On the Today Show, a segment was dedicated to, “The Classroom of the Future.” [see TV segment below] The initial comments pointed out that the “present educational system is impersonal, a factory model.” This is followed by a set of statistics with no sources to verify. Then the background voice of Jose Ferreira, founder and CEO of Knewton, makes this comment, “How many da Vinci’s, Einsteins, and Marie Curie’s, and Michael Jordon’s are we losing every generation because we are not giving them the opportunities that some of us have?” What? How did Michael Jordon fall in the same category of the great scientists? Okay, move on, the broadcast continues, in order to solve this problem of inequity and problems in the status quo, the solution becomes a what if question. What if everyone had access to the Internet?
Lest we forget, Jose Ferreira runs a business. A subtle note focuses that this is a company (.com) versus an educational research group (.org). On his webpage (www.knewton.com) you are faced with a large screen counting the number of sales pitches he is making in the global market. When I viewed the page the count was 270, 952,575 and counting. This is not the number of students that are using his software, not the number of students learning from his program, and not the number of students graduating because of his program, but the number that are being ‘invited.’
In the broadcast, Mr. Ferreira says, “the present system is impersonal, a factory model.” And, what exactly is a software program? It is impersonal and a factory made model. Now, at this point, I should state that I am not against technology. I hold two B.S.I.T. degrees and worked in a secondary technology school for 22 years. I also was the first teacher, documented in 1996, to launch the first global educational program on the Internet. My program, Space Island’s, reached 2.3 million teachers and students in forty nations, and was placed into the Library of Congress as a historical event in 1996.
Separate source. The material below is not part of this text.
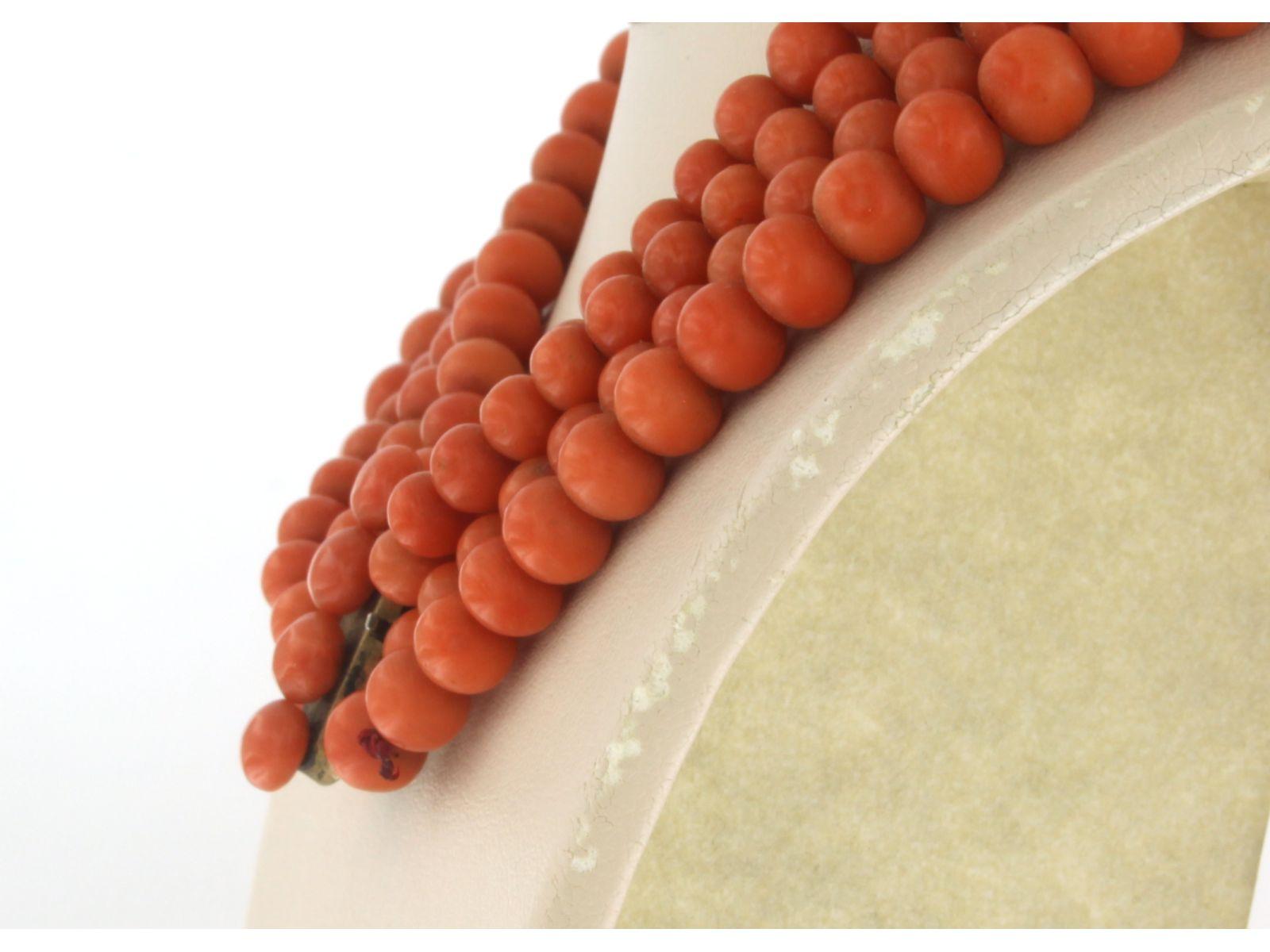 Perlina Chiusura in metallo con corallo e collana di perline di corallo a 4 fili lunga 40 cm e con un peso di 93,7 grammi. in vendita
The Knewton Webpage is full of pictures of adults working one-to-one with young people, however, the software program is designed to work one-to-one with the student. It is a template of problems and clocked timings to match the student’s ability. Where is the challenge for student growth by matching those variables? But that is what his knerds, yes that is what they call themselves, I believe this must be the generation that ate Knudsen products. Anyway, the knerds design standardized templates! Now, where have I heard that term before? I believe that knerds are well educated and excellent programmers and data collectors, but lest we forget where these individuals got their education. It wasn’t from the Knewton factory but from the public or private schools these engineers graduated from.
If you go to the careers tab of Knewton Website you’d think you would find examples of students who have used the Knewton program and what careers (engineers, teachers, scientists, and programmers) they have landed in. No, you find out how lavish the knerd employees are being treated with their own private areas, food services, and perks. This is the selling page for those interested in employment to Knewton! Now, where do you suppose the money comes from to cater to these benefits? There is much hype that this software and program is a pantology that will create a panacea for the present educational system. However, in reality, it is nothing but a set of organized, timed, impersonal-factory templates.
The broadcast also details the work of Khan Academy and its founder, Sal Khan, whose Youtube math tutorials are quite good and free. Mr. Khan’s approach is to tutor in short segments with a lively and entertaining presentation. Adding the good works of Sal Khan’s Academy model to Knewton is comparing apples to oranges.
Knewton is not free, but its founder at the beginning of the broadcast states, “…we (the status quo, which he has now joined) are not giving them (students) the opportunities that some of us have.” Yes, Mr. Ferreira, what opportunities did you have? How is your program giving students in the global arena those same opportunities? The only opportunity I see is Knewton found a nitch to sell its product like Apple Computers did. It will be interesting to see how many Michael Jordon’s make it to the big league by playing a video game instead of one-on-one on the court!